Source data:
= Beginning of Section =
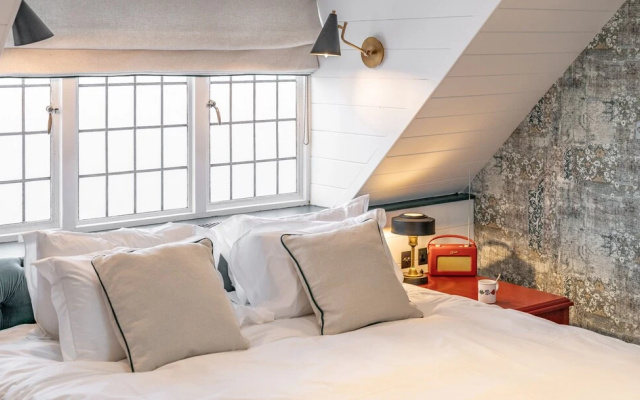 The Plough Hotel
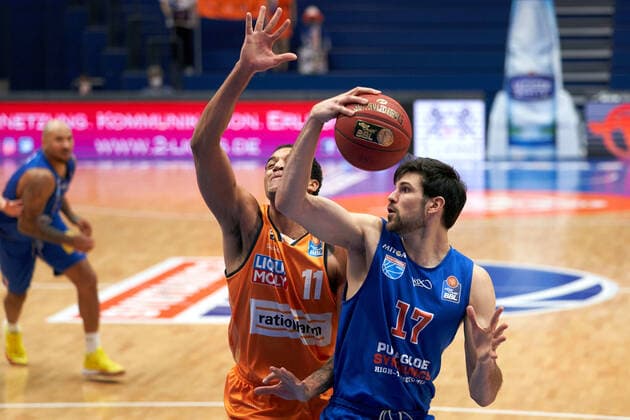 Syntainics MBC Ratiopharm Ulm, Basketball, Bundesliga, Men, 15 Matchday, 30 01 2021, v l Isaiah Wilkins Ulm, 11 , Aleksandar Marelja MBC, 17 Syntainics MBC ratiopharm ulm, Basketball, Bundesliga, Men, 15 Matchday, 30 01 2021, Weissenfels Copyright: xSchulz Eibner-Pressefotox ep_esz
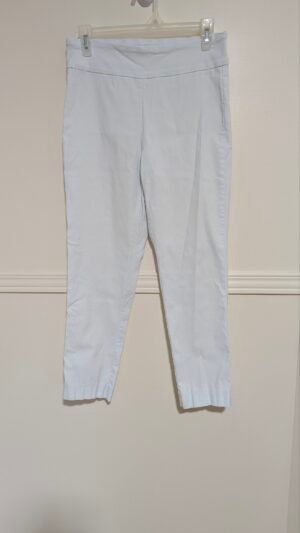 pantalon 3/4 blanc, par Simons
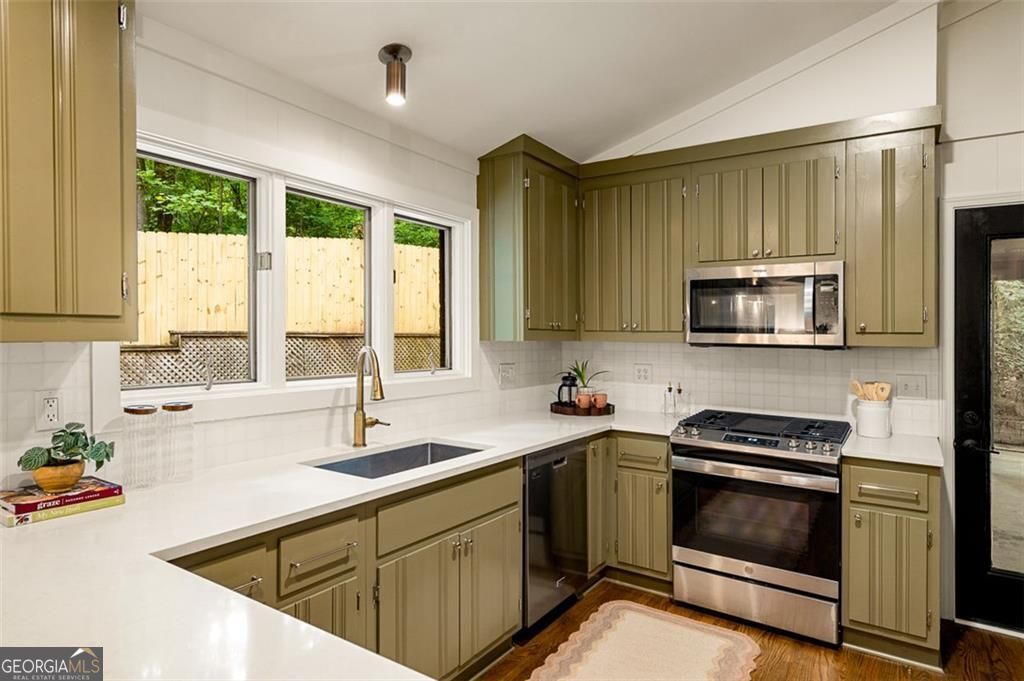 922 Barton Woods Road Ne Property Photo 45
= End of Section =
Assignment: Excluding every picture, set down the listing exactly.

Task solution:
 The Plough Hotel
 Syntainics MBC Ratiopharm Ulm, Basketball, Bundesliga, Men, 15 Matchday, 30 01 2021, v l Isaiah Wilkins Ulm, 11 , Aleksandar Marelja MBC, 17 Syntainics MBC ratiopharm ulm, Basketball, Bundesliga, Men, 15 Matchday, 30 01 2021, Weissenfels Copyright: xSchulz Eibner-Pressefotox ep_esz
 pantalon 3/4 blanc, par Simons
 922 Barton Woods Road Ne Property Photo 45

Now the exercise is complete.